Sometimes while bulk data loading it's recommended to temporary drop constraints and indexes on table. But when I am doing this I faced with some problems with dependency. My simplified example:

CREATE TABLE public.t_place_type
(
  id serial NOT NULL,
  c_name character varying(100),
  CONSTRAINT pk_t_place_type PRIMARY KEY (id)
);

CREATE TABLE public.t_place
(
  id serial NOT NULL,
  c_name character varying(50),
  id_place_type integer,
  CONSTRAINT pk_t_place PRIMARY KEY (id),
  CONSTRAINT fk_t_place_t_place_type FOREIGN KEY (id_place_type)
      REFERENCES public.t_place_type (id) MATCH SIMPLE
      ON UPDATE NO ACTION ON DELETE NO ACTION
);

CREATE OR REPLACE VIEW public.v_place AS 
 SELECT p.id,
    p.c_name,
    pt.c_name AS c_place_type
   FROM t_place p
     LEFT JOIN t_place_type pt ON pt.id = p.id_place_type
  GROUP BY p.id, pt.id, p.c_name;

My script:

ALTER TABLE public.t_place DROP CONSTRAINT fk_t_place_t_place_type;
ALTER TABLE public.t_place DROP CONSTRAINT pk_t_place;
ALTER TABLE public.t_place_type DROP CONSTRAINT pk_t_place_type;

When I run it I am getting error:

ERROR: cannot drop constraint pk_t_place_type on table t_place_type because other objects depend on it DETAIL: view v_place depends on constraint pk_t_place_type on table t_place_type

It's strange to me that view can depends on some constraint. AFAIK postgres does not cache execution plan for a view.

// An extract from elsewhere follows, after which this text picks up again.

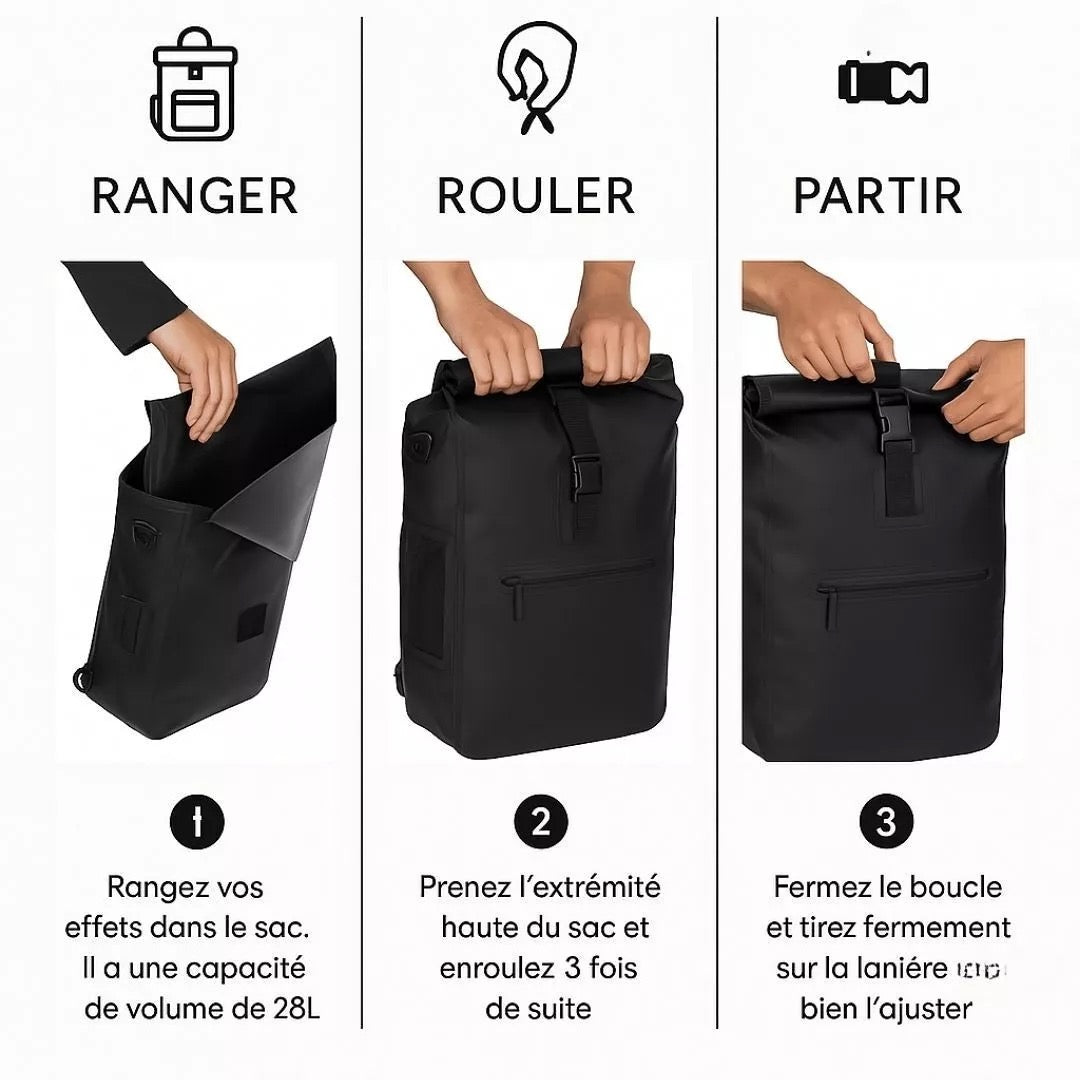 Badawin 4-in-1 Fahrradtasche Ali korallenrot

When I change my view this way:

CREATE OR REPLACE VIEW public.v_place AS 
 SELECT p.id,
    p.c_name AS c_name,
    pt.c_name AS c_place_type
   FROM t_place p
     LEFT JOIN t_place_type pt ON pt.id = p.id_place_type;

the dependency is gone and my script executes successfully.

So my question is: What is the reason for this dependency between view and constraint.

EDIT

Here https://www.postgresql.org/docs/9.5/static/sql-select.html#SQL-GROUPBY postgres docs say:

When GROUP BY is present, or any aggregate functions are present, it is not valid for the SELECT list expressions to refer to ungrouped columns except within aggregate functions or when the ungrouped column is functionally dependent on the grouped columns, since there would otherwise be more than one possible value to return for an ungrouped column. A functional dependency exists if the grouped columns (or a subset thereof) are the primary key of the table containing the ungrouped column.

Is this a reason for such behavior? Even though I have no ungrouped columns in my view?

like image 459
Ivan Mogila Avatar asked Nov 07 '22 14:11

Ivan Mogila


1 Answers

Your query from view will not work if you drop PK on public.t_place_type.

It will produce this error:

ERROR:  column "pt.c_name" must appear in the GROUP BY clause or be used in an aggregate function
LINE 3:     pt.c_name AS c_place_type
            ^

That is because, from your documentation citation, A functional dependency exists if the grouped columns (or a subset thereof) are the primary key of the table containing the ungrouped column.

Postgres knows that PK represents unique row, so once you group by it you might as well group by all columns from that table and get the same result.

Those give the same result, with is ungrouped rows:

SELECT * FROM public.t_place;
SELECT * FROM public.t_place GROUP BY id;
SELECT * FROM public.t_place GROUP BY id, c_name;
SELECT * FROM public.t_place GROUP BY id, c_name, id_place_type;
SELECT * FROM public.t_place GROUP BY id, id_place_type;

And you are using this dependency while selecting pt.c_name AS c_place_type, because you grouped that table by primary key pt.id, with is non existent PK once you drop it, so grouping by it makes pt.c_name both not used in aggregate and not used in group by. And that is why Postgres complains about view dependency - its query will not work anymore once you drop this PK.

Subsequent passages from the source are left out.